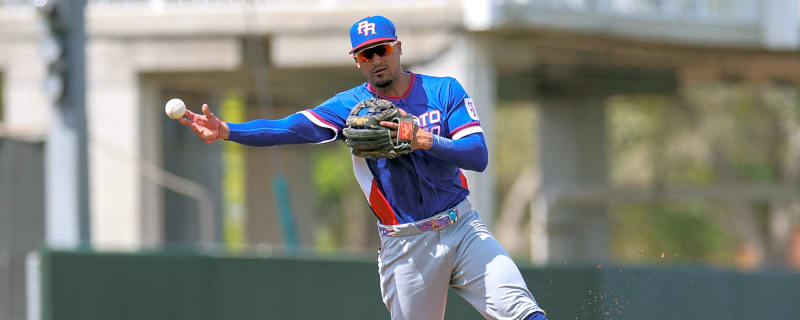Orioles Select Luis Vazquez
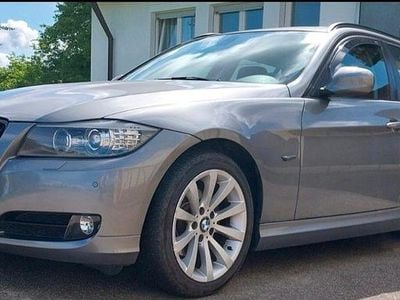 Gebraucht BMW 318 Lifestyle 143 PS (105 kW) 2010 Silber Kombi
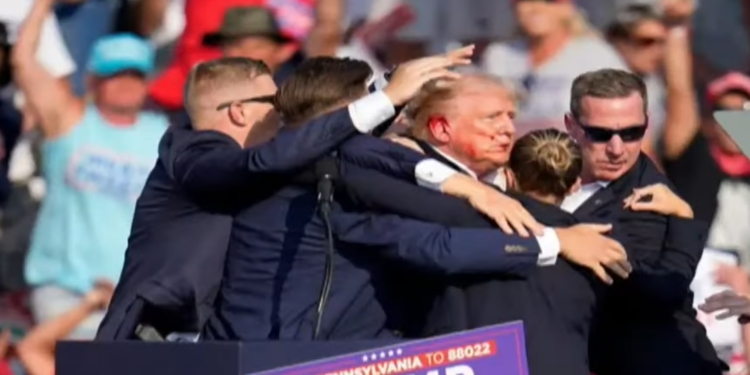 Disparos al candidato presidencial del neofascista Donald Trump en el contexto de su campaña.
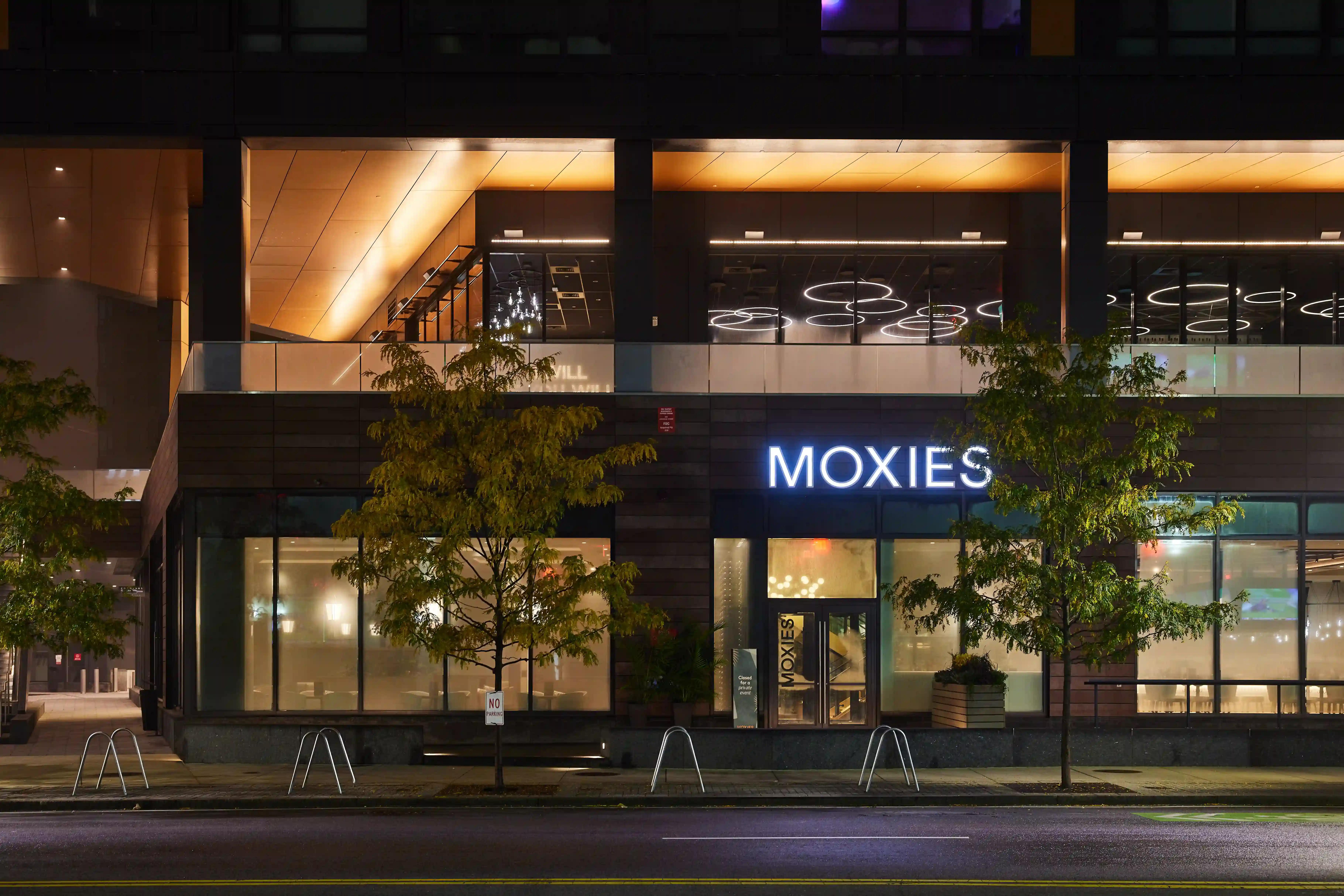 "MOXIES SEAPORT 04"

● **What you have to do**
Skip the pictures. Write out exactly the lines from the one with "Gebraucht BMW 318" through the last line of the listing, both ends included, and nothing more.

● **Answer section**
 Gebraucht BMW 318 Lifestyle 143 PS (105 kW) 2010 Silber Kombi
 Disparos al candidato presidencial del neofascista Donald Trump en el contexto de su campaña.
 "MOXIES SEAPORT 04"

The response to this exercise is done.